== DATASET RECORDS

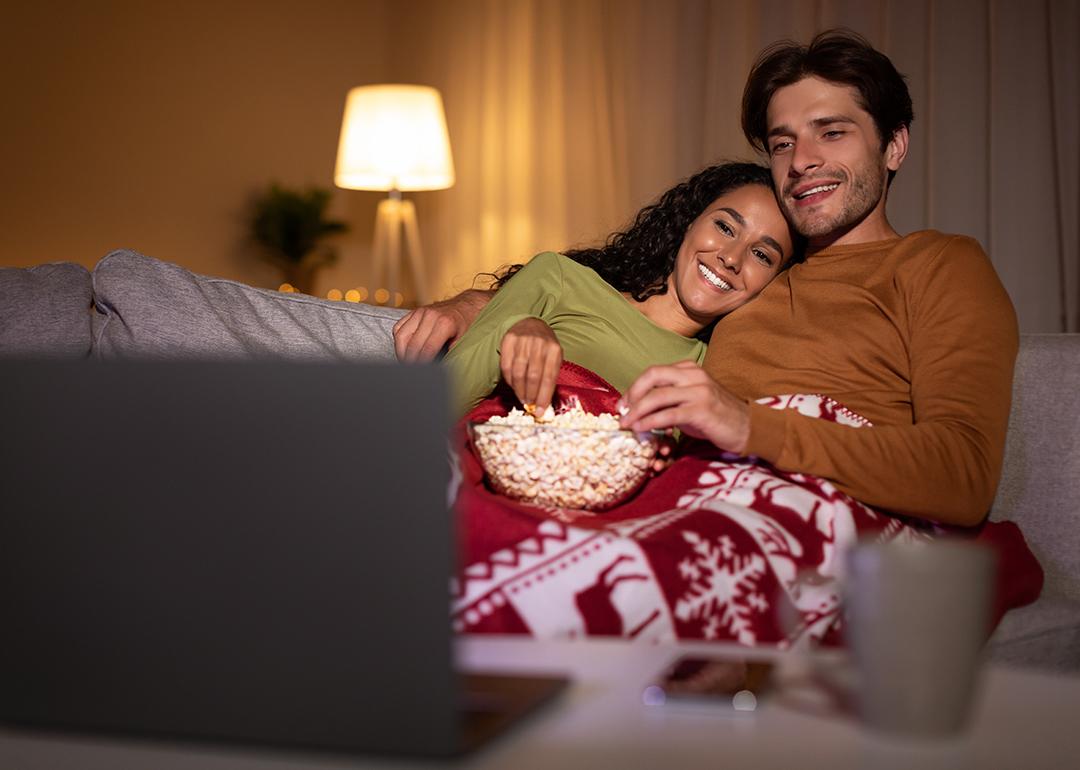 A couple eating popcorn enjoying a movie from a laptop during the holidays.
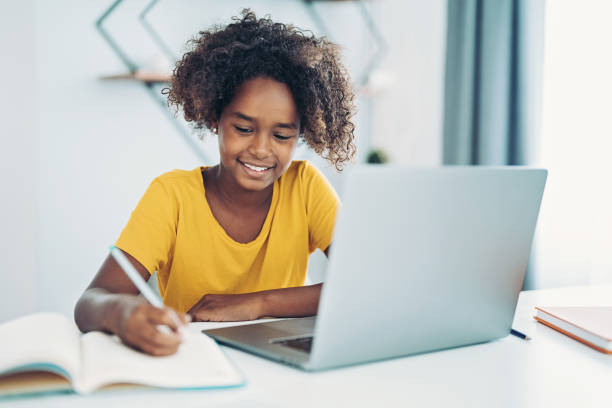 istock Schoolgirl with laptop and textbook 1358566628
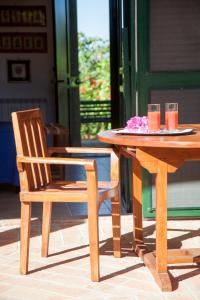 圣亚加塔·迪·米利特Rosmarino Park的一张木桌和一张椅子,坐在桌子旁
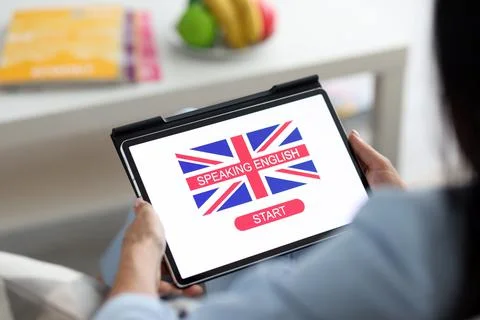 Man holding a tablet with a language learning program Foto stock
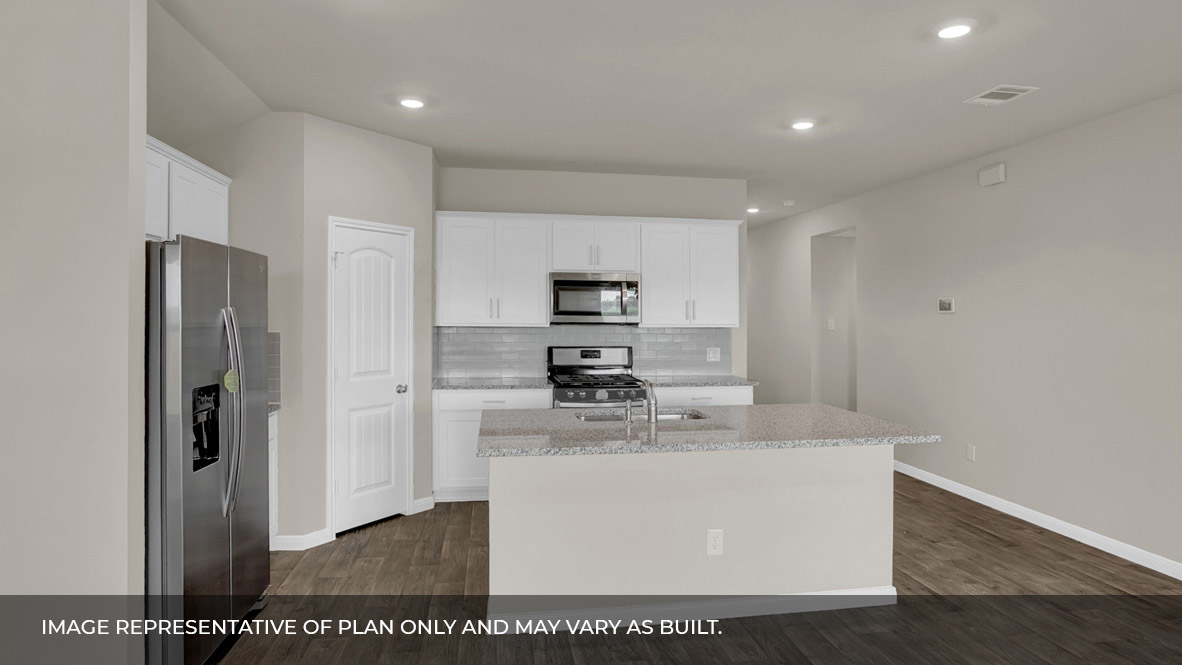 135 Morning Glory Loop Kyle, TX 78640 - Photo 7 of 22 a kitchen with stainless steel appliances granite countertop a refrigerator a stove and a sink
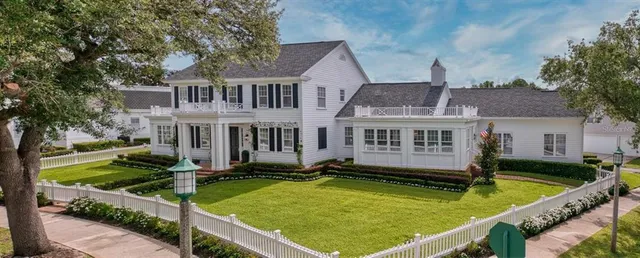 a view of a house with pool pool and chairs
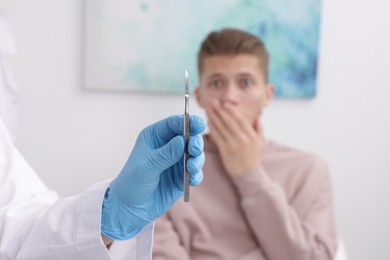 Scared man having appointment with dentist in clinic, selective focus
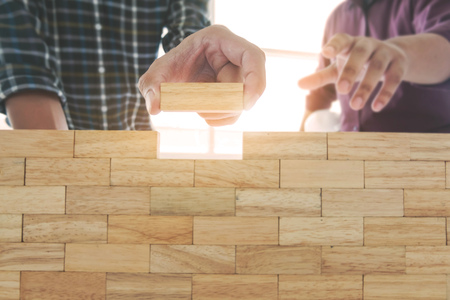 Engineer placing wooden block wall, Planning of project building constructionの写真素材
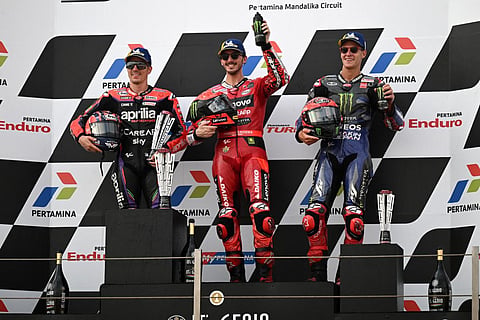 Ducati's Francesco Bagnaia (C), Aprilia’s Maverick Vinales (L), and Yamaha's Fabio Quartararo celebrate during the podium ceremony in the Indonesian GP, Oct 15, 2023. (Photo | AFP)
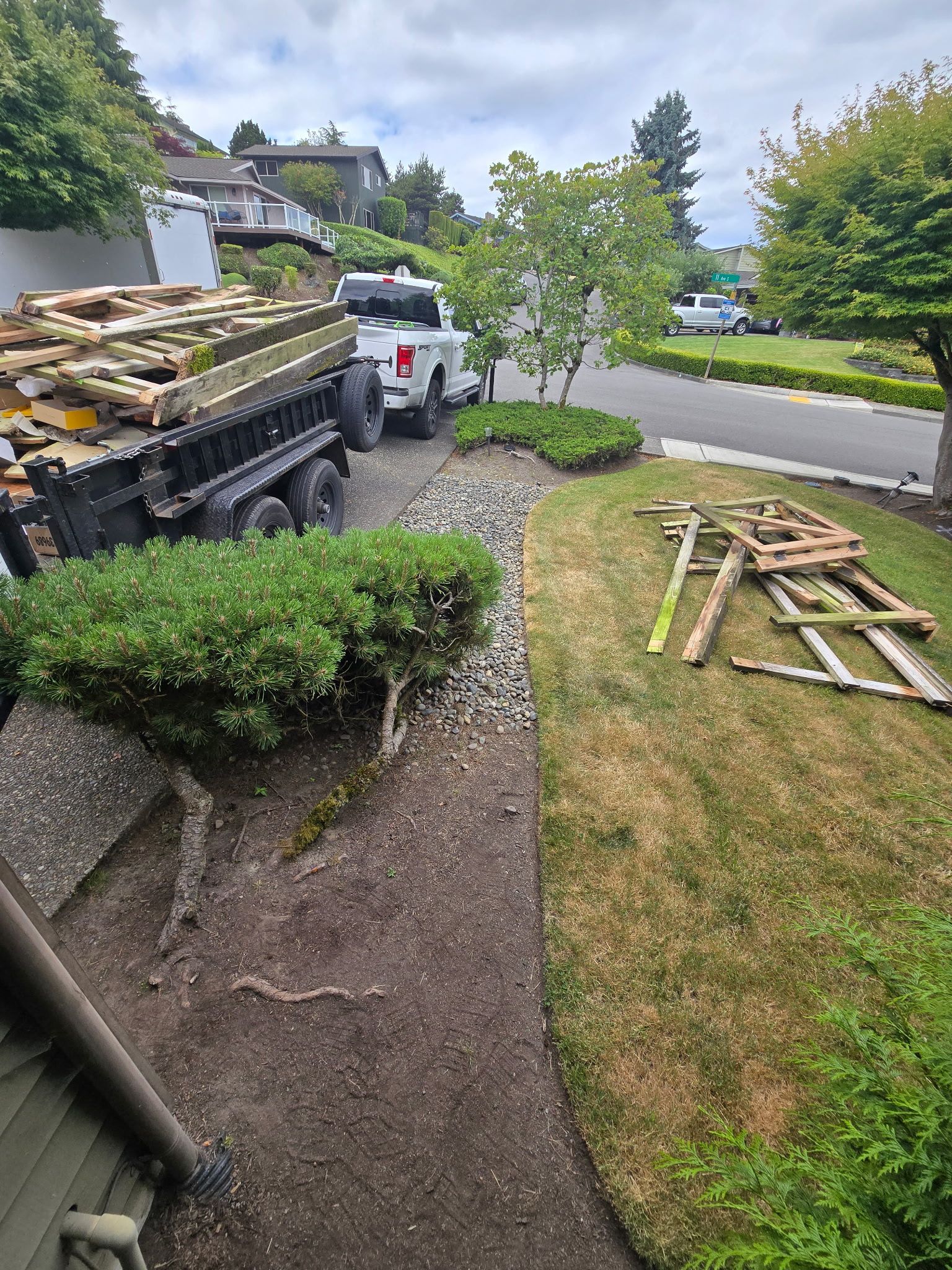 Front yard with white truck, stacked lumber on a trailer, gravel path, trimmed shrubs, and lawn.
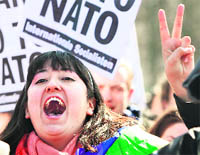 Anti-NATO protesters shout slogans as they gather for a demonstration during the International Conference in Afghanistan on Tuesday.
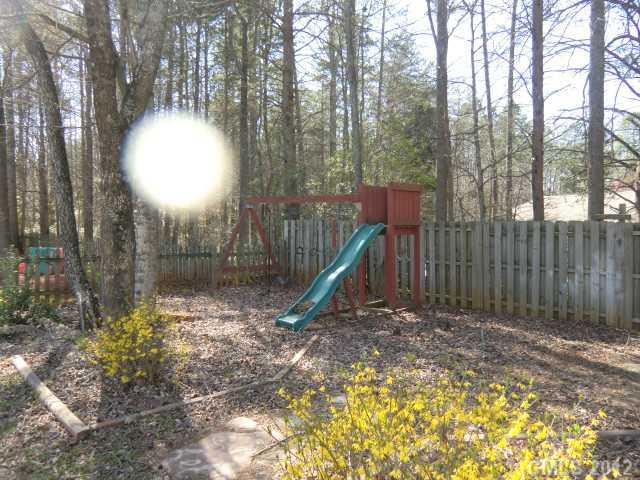 6909 Alanbrook Road Charlotte, NC 28215 - Photo 14 of 14 a view of a backyard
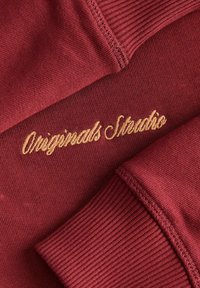 Maroon kangas muodokkaalla tekstuurilla, jossa on kultaiset brodeeraukset, joissa lukee "Originals Studio" ja ribattuja hihansuita kontrastina.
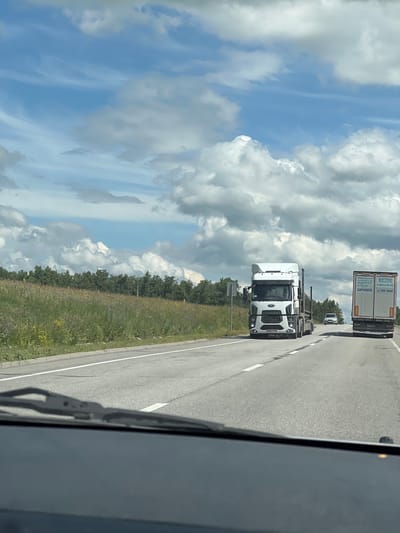 The image depicts a view from inside a vehicle, looking out at a highway on a partly cloudy day. The camera is angled, showing the road curving away to the right. In the foreground, a windshield wiper is visible.

On the highway, there are several trucks. The closest truck is a white cab-over tractor unit, facing away from the viewer. Further down the road, a white semi-trailer truck with a tan trailer is visible. The trailer has Russian text on it, including "ПРИГЛАШАЕМ ЗАРАБОТАТЬ" and "8-800-246-015". There's also a smaller white vehicle, possibly a car, behind the semi-trailer truck.

The roadside to the left of the highway is a grassy field with scattered wildflowers and a line of trees in the distance. The sky is a bright blue with large, fluffy white and gray clouds, suggesting fair weather. The lighting indicates it is daytime, likely afternoon. The location is identified as Bavly, Russia.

====

» **ACTION ITEM**
Please print the data above in its entirety, exactly, but without any picture.

» **ANSWER**
 A couple eating popcorn enjoying a movie from a laptop during the holidays.
 istock Schoolgirl with laptop and textbook 1358566628
 圣亚加塔·迪·米利特Rosmarino Park的一张木桌和一张椅子,坐在桌子旁
 Man holding a tablet with a language learning program Foto stock
 135 Morning Glory Loop Kyle, TX 78640 - Photo 7 of 22 a kitchen with stainless steel appliances granite countertop a refrigerator a stove and a sink
 a view of a house with pool pool and chairs
 Scared man having appointment with dentist in clinic, selective focus
 Engineer placing wooden block wall, Planning of project building constructionの写真素材
 Ducati's Francesco Bagnaia (C), Aprilia’s Maverick Vinales (L), and Yamaha's Fabio Quartararo celebrate during the podium ceremony in the Indonesian GP, Oct 15, 2023. (Photo | AFP)
 Front yard with white truck, stacked lumber on a trailer, gravel path, trimmed shrubs, and lawn.
 Anti-NATO protesters shout slogans as they gather for a demonstration during the International Conference in Afghanistan on Tuesday.
 6909 Alanbrook Road Charlotte, NC 28215 - Photo 14 of 14 a view of a backyard
 Maroon kangas muodokkaalla tekstuurilla, jossa on kultaiset brodeeraukset, joissa lukee "Originals Studio" ja ribattuja hihansuita kontrastina.
 The image depicts a view from inside a vehicle, looking out at a highway on a partly cloudy day. The camera is angled, showing the road curving away to the right. In the foreground, a windshield wiper is visible.

On the highway, there are several trucks. The closest truck is a white cab-over tractor unit, facing away from the viewer. Further down the road, a white semi-trailer truck with a tan trailer is visible. The trailer has Russian text on it, including "ПРИГЛАШАЕМ ЗАРАБОТАТЬ" and "8-800-246-015". There's also a smaller white vehicle, possibly a car, behind the semi-trailer truck.

The roadside to the left of the highway is a grassy field with scattered wildflowers and a line of trees in the distance. The sky is a bright blue with large, fluffy white and gray clouds, suggesting fair weather. The lighting indicates it is daytime, likely afternoon. The location is identified as Bavly, Russia.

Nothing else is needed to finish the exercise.